10月12日の夜、この作品のスペシャル・プレミア上映が、渋谷シネクイントにて開催された。この日は本編の上映に先駆けて、この上映の予告編として宇川直宏氏、中原昌也氏、伊勢谷友介氏という3人のクリエイターが製作した1人1分間のオリジナル・ショートフィルムがDLPによりスペシャル上映されたほか、伊勢谷友介氏と中原昌也氏が来場し、舞台挨拶も行われた。その模様を紹介しよう。










『short6』予告編及びオリジナル・ショートフィルムの上映が終わると、舞台には伊勢谷友介氏と中原昌也氏が登場し、まずは一言づつ挨拶を行った。なおもう一人のクリエイターである宇川直宏氏は、スケジュールの都合でこの日は出席できなかったが、司会の方によってメッセージが紹介された。
伊勢谷氏の撮った作品は、“死”と“生”というヘヴィなテーマを、爽やかに仕上げたものだ。
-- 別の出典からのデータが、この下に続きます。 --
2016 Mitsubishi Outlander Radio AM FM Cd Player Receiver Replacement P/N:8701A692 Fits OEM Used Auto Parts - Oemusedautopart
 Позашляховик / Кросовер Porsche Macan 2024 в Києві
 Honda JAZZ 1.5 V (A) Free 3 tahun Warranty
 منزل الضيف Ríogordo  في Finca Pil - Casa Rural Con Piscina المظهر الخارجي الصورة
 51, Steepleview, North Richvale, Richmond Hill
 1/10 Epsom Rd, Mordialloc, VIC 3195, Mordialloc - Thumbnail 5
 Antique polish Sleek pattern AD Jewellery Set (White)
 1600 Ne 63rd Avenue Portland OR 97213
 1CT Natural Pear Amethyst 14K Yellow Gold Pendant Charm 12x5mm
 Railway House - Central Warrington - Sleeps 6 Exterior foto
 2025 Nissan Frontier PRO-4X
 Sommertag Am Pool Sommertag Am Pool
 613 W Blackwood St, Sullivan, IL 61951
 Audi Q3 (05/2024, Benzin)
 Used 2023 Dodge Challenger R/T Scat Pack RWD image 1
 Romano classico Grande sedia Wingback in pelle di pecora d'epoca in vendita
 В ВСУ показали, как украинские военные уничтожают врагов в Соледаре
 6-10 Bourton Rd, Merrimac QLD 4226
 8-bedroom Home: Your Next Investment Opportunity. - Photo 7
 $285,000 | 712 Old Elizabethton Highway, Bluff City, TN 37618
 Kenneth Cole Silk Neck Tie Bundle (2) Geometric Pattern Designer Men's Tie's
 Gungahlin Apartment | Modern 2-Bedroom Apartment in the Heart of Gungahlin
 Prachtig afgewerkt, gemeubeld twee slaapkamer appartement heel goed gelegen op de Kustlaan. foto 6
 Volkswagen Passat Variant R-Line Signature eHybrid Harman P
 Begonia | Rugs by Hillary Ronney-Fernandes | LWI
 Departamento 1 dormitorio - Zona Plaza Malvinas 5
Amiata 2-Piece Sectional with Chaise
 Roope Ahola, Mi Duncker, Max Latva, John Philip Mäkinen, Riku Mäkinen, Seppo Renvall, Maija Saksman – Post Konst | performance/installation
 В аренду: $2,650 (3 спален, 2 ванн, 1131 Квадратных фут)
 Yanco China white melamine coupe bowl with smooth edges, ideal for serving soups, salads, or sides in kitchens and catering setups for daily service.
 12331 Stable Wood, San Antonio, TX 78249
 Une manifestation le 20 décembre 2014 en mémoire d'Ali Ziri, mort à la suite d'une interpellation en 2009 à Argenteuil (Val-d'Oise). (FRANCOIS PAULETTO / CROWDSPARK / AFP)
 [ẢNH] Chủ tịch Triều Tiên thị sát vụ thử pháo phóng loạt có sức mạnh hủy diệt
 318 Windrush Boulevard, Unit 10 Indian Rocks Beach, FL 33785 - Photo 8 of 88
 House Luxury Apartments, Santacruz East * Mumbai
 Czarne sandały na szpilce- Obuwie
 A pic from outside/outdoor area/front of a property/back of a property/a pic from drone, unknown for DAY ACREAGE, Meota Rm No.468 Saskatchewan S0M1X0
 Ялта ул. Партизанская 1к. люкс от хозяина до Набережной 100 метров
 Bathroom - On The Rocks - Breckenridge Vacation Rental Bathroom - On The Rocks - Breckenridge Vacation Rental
「最初は、ラブシーンばかりのものを考えていたんですけど、戦争があったりで僕の中でそういうのじゃない何かをった」。長い物語を考えてしまったので、どのように削っていくかに苦労されたとのこと。
一方「抽象的なものはやるまいと思っていたんですが、結局そういうものをやるしかなかったという…」と語った中原氏、その作品にも今回のテロの余波がもっと実際的な形で影響を落としている。今回、中原氏はフィルムで撮影を行ったのだが、その現像を行う海外のラボからテロの余波で現像が期日までに間に合わないと連絡を受け、急遽ビデオで再度撮影しなおしいざ編集…という時に、ちゃっかりフィルムが届いたそうだ。「意味なくお金を使ってしまって(苦笑)」と、製作を振返り自作には厳しい発言をしていた中原氏だが、それでも音楽などまで全て一人で行った拘りが伝わってくるショート・フィルムだ。
今回、実際に作品を撮ったお2人にとって、ショート・フィルムの魅力と、今回に上映作品中の一押し作品はそれぞれ、「飽きる前に終わる。その前に何かを伝えられ、感じてもらえれば成功です。上映作品では『四つの部屋と六人の打楽器奏者のための音楽』が特に面白かった」(伊勢谷氏)「面白いかつまらないか、判る前に終わる…と思ってたけど、(僕の)つまんないですね(苦笑)。おすすめは、デビッド・クローネンバーグ監督の…と言いたいところだけれど、『WAVE TWISTERS』です」(中原氏)とのこと。さて、これを読んでいる皆さんも、どの作品とビビッと波長があうか、是非劇場で確かめてみよう。
「こういう遊べる企画が、もっとあるといいですね」(伊勢谷氏)、「僕は無駄に予算を使っちゃいましたが、ショート・フィルムは期間さえあれば、それ程予算をかけずに創れると思いますので、皆さんも作ってみてください」(中原氏)と、ショート・フィルムという作品形態の楽しみ方について、それぞれからメッセージが語られ舞台挨拶は終了した。

なお、『short6 シネクイント・ショートフィルムズvol.1』は11月17日から、渋谷シネクインにてレイトロードショー!